Through the Looking Glass Children's Book Reviews

A Dangerous Magic

A Dangerous Magic

David Hounam
Fiction
For ages 14 and up
Lerner, 2017   ISBN: 978-1512432329

Frank Sampson is a sorcerer. One would think that sorcerers, being gifted and useful, would be revered and valued, but many of the people in Frank’s world distrust sorcerers, thinking that they are in league with dark forces. There is even an organization whose members make it their life’s work to attack, and preferably kill, sorcerers.

It is therefore not surprising that Frank is a withdrawn and very antisocial individual. Ideally he would like to be left alone so that he can do his work in peace, but there are times when his expertise he is called on. Frank’s Gift is strong, so he can be very useful to the police, serving as a forensic sorcerer. When someone dies violently Frank is the best person to call to find out what happened.

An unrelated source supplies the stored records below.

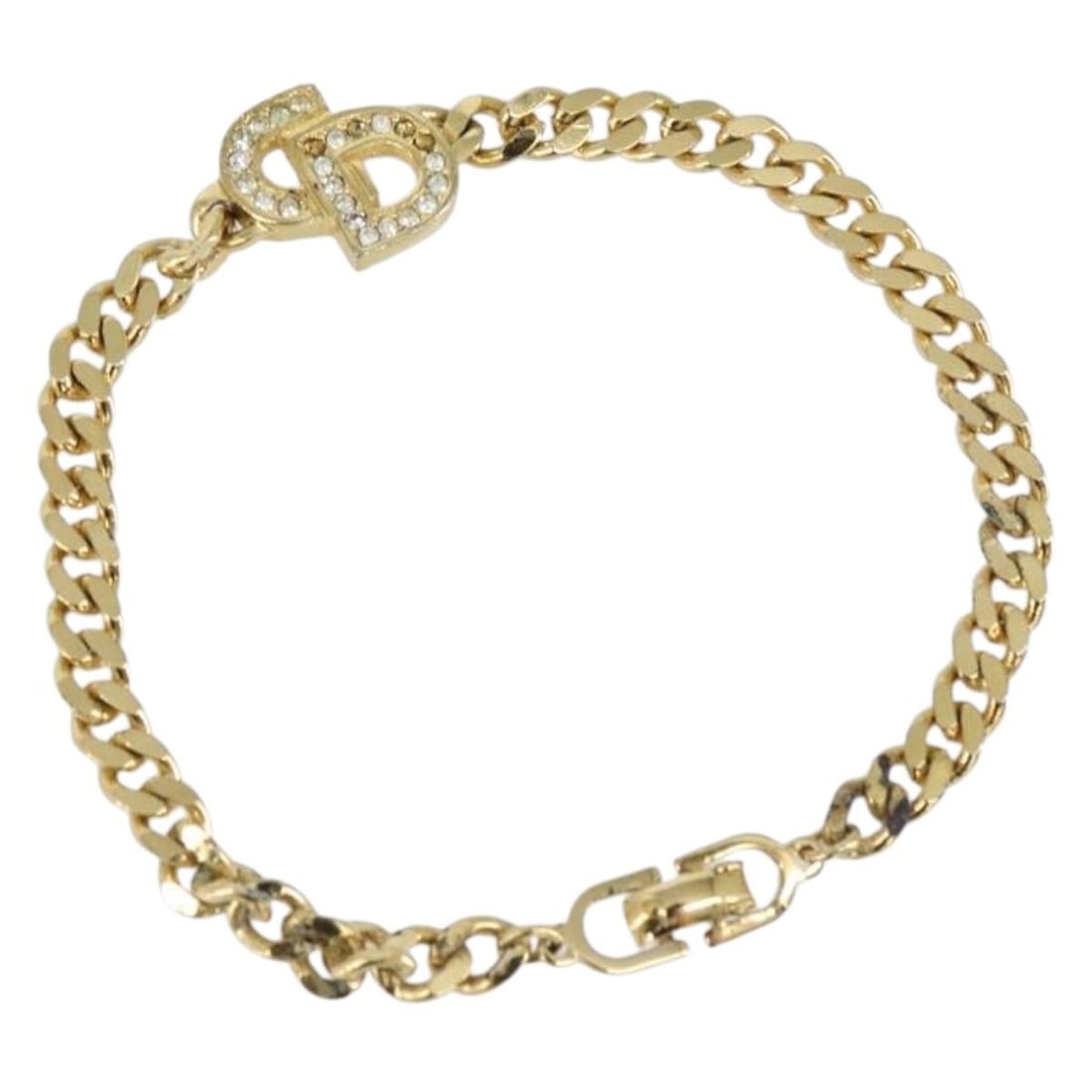 Christian Dior Gold Metal Bracelet Auth AM9559: Christian Dior Gold Metal Bracelet Auth AM9559 This Christian Dior bracelet is a stylish metal accessory in a luxurious gold tone. With a total length of approximately 19 cm (7.5 inches), this bracele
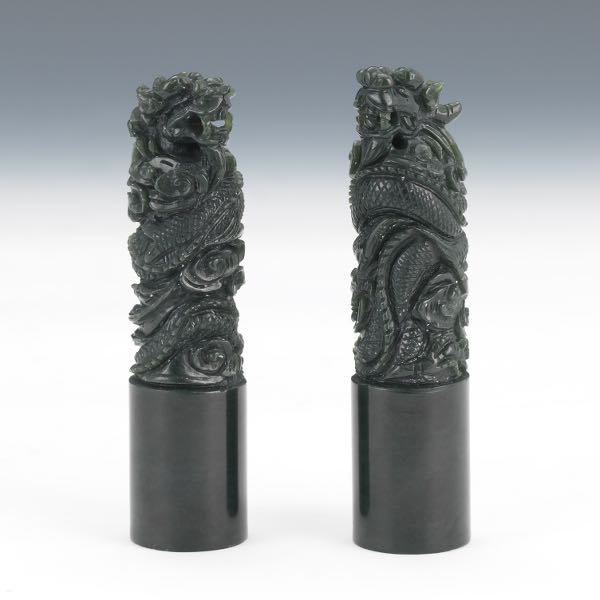 Appraisal: PAIR OF CARVED JADE CHOPS Pair of carved spinach jade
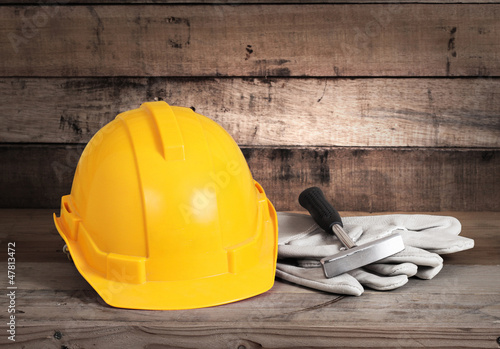 Photo: hardhat and old leather gloves hardhat and old leather gloves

One night a police officer called Magdalene Marvell comes to Frank’s studio to tell him that his skills are needed. Someone has murdered the Bishop of Oxford, and when Frank gets to the crime scene is clear that the attacker must have hated the bishop a great deal for the man’s head was cut off and removed. Frank conducts a magical rite to find out when the bishop died and then he and Marvo, as he likes to call her, go to talk to the one person from the bishop’s household who was not there when the police arrive on the scene.

Though Frank is very skilled when it comes to magic, he is not so skilled when it comes to communicating with people. He has a tendency to rub people the wrong way, to insult them, and to even upset them, which is what he does with the witness. The girl promptly runs off before Frank and Marvo can question her and they are back to square one.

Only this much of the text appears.